Description of the task:
Beginning with the line below that contains "Klowcok Replacement Ear" and ending with the line that contains "Tzf-Pantalon Coton Lin", retype every line exactly. Pictures are not copied.

Records supplied:
[Start of Attachment]

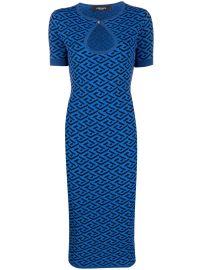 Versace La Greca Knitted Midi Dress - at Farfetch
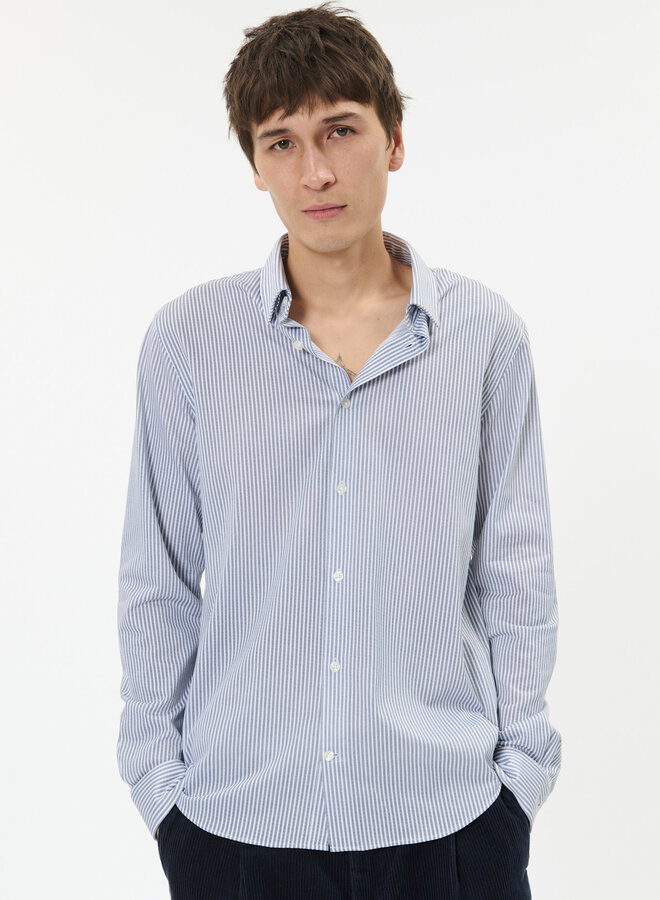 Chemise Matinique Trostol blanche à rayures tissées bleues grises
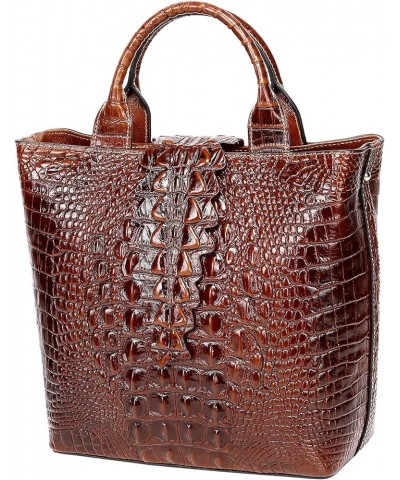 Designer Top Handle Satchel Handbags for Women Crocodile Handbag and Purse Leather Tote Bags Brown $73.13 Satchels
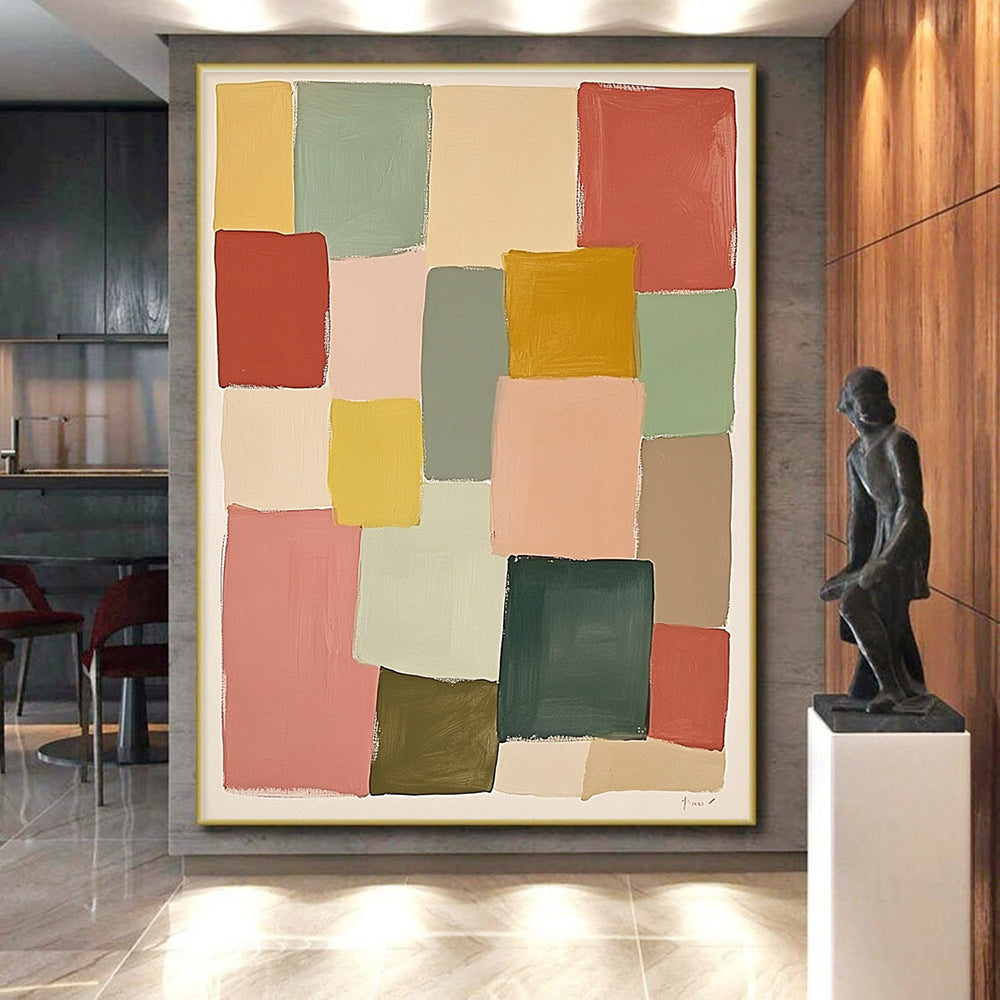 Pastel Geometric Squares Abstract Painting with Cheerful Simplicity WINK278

[End of Attachment]
[Start of Attachment]

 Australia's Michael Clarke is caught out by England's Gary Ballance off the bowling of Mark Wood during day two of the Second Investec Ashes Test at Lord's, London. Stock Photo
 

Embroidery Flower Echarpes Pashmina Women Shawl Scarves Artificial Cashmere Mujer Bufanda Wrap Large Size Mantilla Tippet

[End of Attachment]
[Start of Attachment]

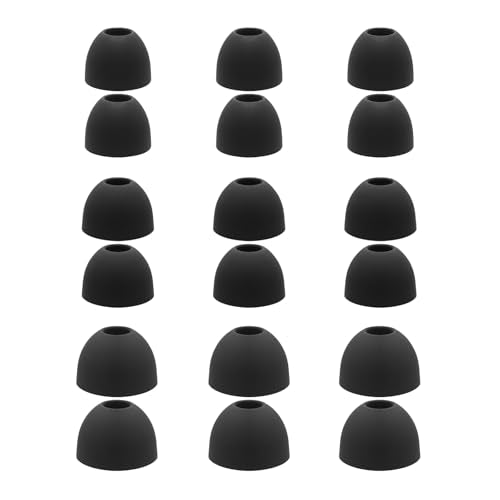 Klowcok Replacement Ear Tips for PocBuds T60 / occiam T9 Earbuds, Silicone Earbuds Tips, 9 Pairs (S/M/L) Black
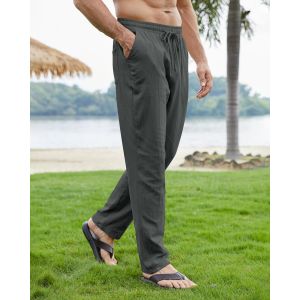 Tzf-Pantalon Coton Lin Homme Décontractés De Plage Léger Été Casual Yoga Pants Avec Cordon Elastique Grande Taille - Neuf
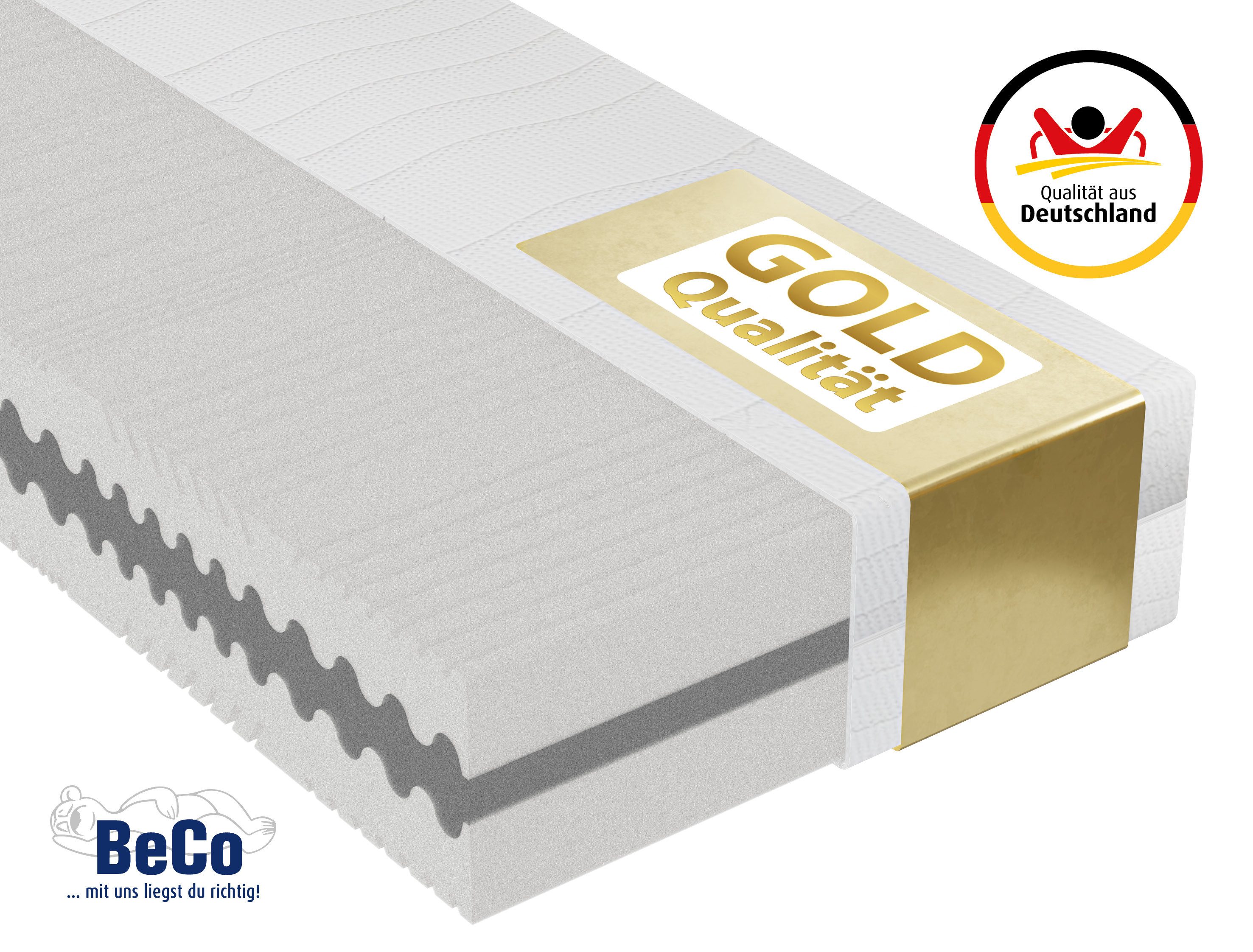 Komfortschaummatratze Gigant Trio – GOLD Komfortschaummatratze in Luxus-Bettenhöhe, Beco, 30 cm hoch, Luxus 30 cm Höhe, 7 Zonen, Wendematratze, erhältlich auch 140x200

[End of Attachment]

Answer to this problem:
 Klowcok Replacement Ear Tips for PocBuds T60 / occiam T9 Earbuds, Silicone Earbuds Tips, 9 Pairs (S/M/L) Black
 Tzf-Pantalon Coton Lin Homme Décontractés De Plage Léger Été Casual Yoga Pants Avec Cordon Elastique Grande Taille - Neuf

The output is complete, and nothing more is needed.